I am continuing my questions to the Health department to highlight the lack of specific costed plans to deal with the waiting lists and quality of service issues that worry people. I am urging the Treasury to make the grant of extra cash conditional on clear plans to deliver more and better service, which in turn will need suitable workforce plans. The answers below confirm there is plenty of management work to be done to set out what additional better service they are promising and how they will spend the extra money they have been granted.
The Department of Health and Social Care has provided the following answer to your written parliamentary question (146529):
Question:
To ask the Secretary of State for Health and Social Care, in the absence of a manpower and recruitment plan, what steps the NHS takes to forecast its spending needs for the year ahead. (146529)
Tabled on: 24 March 2022
Answer:
Edward Argar:
NHS England and NHS Improvement published the ‘2022/23 priorities and operational planning guidance’ on 24 December 2021. This is supplemented by technical guidance on the associated financial assumptions on which the National Health Service should plan. Individual systems plan spending for the year against allocations in response to this guidance and submit plans to NHS England and NHS Improvement to aggregate into an overall NHS financial plan. We expect the NHS to manage their spend within the overall budget in the Mandate.
The answer was submitted on 29 Mar 2022 at 13:13.
The Department of Health and Social Care has provided the following answer to your written parliamentary question (146531):
Question:
To ask the Secretary of State for Health and Social Care, how often he meets the Chief Executive of NHS England to review progress with reducing waiting lists and other matters. (146531)
Tabled on: 24 March 2022
Answer:
Edward Argar:
My Rt hon. Friend the Secretary of State for Health and Social Care meets regularly with the Chief Executive of NHS England to discuss a range of issues, including progress on reducing waiting lists.

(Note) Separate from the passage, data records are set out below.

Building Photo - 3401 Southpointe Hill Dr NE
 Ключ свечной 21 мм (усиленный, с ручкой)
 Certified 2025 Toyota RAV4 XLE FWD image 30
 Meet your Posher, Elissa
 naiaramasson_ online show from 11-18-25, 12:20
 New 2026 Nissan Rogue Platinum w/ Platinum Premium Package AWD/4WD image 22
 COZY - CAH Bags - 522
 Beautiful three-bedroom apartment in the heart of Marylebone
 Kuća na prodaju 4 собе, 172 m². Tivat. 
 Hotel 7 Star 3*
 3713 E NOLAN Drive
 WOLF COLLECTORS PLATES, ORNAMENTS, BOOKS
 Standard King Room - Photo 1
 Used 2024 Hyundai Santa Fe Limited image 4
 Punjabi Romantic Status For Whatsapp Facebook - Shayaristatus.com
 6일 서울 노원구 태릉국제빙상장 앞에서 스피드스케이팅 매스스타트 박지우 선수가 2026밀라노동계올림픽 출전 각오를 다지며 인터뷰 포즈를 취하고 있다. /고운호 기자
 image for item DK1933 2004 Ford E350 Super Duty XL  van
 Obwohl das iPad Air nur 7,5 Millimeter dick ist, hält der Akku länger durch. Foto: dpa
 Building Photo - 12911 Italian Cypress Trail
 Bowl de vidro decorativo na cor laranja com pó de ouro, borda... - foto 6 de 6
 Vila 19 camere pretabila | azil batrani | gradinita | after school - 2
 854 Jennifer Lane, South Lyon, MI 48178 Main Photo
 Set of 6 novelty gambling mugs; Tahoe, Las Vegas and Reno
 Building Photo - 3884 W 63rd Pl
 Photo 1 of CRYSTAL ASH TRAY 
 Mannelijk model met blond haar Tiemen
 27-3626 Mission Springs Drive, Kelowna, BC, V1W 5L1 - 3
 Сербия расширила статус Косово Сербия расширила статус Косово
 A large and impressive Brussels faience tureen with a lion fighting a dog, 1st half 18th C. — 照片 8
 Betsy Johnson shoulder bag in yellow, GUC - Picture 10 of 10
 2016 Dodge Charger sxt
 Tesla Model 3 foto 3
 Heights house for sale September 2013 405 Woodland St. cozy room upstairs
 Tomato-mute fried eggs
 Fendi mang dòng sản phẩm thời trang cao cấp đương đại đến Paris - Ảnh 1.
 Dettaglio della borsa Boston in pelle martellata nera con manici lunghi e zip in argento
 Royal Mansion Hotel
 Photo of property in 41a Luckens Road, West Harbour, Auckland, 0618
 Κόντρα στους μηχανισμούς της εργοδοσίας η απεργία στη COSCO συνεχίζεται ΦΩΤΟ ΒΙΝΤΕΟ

The answer was submitted on 29 Mar 2022 at 13:15.
March 31, 2022
Tells you everything that you need to know about the management of the health service.
Flying by the seat of their pants with uncalculated provision and unmeasured outcomes
Non answers as usual
March 31, 2022
The evasiveness is because they don’t know precisely and/or they resent the intrusion into their day to day activities.
A general picture is emerging.
However, unless there is a growing call to remedy these numerous failings the revelations will have no further impact. There may be a defensive counter attack that it is not for outsiders to micromanage their activities. How do we escalate our concerns ?
March 31, 2022
That way they can always plead poverty. The government didn’t give us enough money without actually having a budget outlining what they actually need.
As I’ve said many times, if the NHS had the whole economic output and everyone worked for them they would still not have enough resources (money).
March 31, 2022
The now political NHS will always act in the best interests of the NHS which may explain why the patient and indeed the taxpayer are treated with total contempt, almost an inconvenience to be avoided at all costs
John does his best regarding this Socialist organisation but he knows that his party is now wedded to defending this Labour aligned organisation at every turn for fear of being labelled ‘anti-NHS’. This politics of capture of the Tory party can now be seen across many issues of the day
A captured Tory party fearful of its own shadow is a threat to this nation, our freedoms and our liberties for it means that the Tory party itself will sacrifice all that they feel is necessary to protect the party from all organised political power.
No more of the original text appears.